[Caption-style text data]
=====

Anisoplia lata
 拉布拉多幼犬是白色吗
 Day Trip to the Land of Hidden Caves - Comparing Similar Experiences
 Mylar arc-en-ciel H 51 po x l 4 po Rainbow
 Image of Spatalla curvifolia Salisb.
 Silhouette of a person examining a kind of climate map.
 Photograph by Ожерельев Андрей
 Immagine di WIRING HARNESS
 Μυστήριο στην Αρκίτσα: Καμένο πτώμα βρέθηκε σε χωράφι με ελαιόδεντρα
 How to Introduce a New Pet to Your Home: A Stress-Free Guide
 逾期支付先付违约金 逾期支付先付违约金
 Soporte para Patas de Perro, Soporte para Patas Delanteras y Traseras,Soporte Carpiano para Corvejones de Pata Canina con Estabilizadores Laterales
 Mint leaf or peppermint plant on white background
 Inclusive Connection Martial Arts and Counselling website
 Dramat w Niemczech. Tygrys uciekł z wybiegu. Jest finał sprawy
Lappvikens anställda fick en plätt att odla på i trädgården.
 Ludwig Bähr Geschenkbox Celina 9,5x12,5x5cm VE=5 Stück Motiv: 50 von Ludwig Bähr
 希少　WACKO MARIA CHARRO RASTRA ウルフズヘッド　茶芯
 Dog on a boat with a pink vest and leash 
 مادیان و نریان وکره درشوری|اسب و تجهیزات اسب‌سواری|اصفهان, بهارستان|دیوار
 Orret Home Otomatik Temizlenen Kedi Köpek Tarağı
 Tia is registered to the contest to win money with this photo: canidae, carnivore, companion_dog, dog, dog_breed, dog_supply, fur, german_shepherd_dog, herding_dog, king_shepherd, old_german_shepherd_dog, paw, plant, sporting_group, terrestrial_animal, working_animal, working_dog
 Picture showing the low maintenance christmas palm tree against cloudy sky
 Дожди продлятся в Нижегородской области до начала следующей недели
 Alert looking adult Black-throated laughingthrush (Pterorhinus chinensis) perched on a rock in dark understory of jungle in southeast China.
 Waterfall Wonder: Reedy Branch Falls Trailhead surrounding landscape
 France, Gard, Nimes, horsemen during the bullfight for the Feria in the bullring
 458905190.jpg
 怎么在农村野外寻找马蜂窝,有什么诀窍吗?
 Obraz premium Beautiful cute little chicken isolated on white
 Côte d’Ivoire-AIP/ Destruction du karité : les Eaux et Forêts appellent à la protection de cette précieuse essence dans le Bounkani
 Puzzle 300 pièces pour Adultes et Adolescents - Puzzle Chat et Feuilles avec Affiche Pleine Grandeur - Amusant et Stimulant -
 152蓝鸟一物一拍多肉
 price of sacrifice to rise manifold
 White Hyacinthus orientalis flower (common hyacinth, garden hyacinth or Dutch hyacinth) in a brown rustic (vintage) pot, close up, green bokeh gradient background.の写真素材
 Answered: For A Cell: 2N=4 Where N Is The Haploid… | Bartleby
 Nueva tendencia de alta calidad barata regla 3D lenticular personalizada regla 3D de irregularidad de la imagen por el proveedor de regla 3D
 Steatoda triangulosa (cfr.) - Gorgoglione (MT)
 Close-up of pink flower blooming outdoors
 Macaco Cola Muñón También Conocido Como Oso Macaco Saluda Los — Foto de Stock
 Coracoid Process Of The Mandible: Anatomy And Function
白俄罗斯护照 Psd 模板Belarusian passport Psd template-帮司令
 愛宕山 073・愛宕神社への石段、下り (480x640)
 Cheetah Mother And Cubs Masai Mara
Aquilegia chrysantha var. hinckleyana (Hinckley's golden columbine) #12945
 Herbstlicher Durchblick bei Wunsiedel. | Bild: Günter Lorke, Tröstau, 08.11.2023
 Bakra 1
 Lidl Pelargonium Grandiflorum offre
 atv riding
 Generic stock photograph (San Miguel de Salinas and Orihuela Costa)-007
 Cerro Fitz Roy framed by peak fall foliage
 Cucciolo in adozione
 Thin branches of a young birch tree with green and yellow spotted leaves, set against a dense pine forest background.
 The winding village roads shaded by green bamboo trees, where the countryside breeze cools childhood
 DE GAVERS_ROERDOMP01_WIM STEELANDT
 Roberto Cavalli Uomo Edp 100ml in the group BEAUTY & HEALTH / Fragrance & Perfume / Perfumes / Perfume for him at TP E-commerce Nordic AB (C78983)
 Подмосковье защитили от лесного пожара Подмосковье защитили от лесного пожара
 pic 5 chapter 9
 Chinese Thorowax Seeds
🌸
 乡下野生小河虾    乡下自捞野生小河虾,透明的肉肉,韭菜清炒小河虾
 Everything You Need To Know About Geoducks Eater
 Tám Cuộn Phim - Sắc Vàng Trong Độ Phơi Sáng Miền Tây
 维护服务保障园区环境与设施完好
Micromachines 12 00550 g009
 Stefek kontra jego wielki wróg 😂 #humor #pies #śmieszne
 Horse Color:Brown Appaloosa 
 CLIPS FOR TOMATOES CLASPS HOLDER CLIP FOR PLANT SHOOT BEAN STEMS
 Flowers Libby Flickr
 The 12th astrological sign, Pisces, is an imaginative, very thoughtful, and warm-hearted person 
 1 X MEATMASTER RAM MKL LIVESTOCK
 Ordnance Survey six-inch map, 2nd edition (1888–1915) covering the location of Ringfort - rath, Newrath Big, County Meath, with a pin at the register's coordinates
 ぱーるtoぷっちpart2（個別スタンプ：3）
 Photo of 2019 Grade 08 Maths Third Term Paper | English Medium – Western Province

=====

#### Directions for this task:
The answer must consist of each line in the entries above that includes "pink".

#### Completed exercise:
 Dog on a boat with a pink vest and leash 
 Close-up of pink flower blooming outdoors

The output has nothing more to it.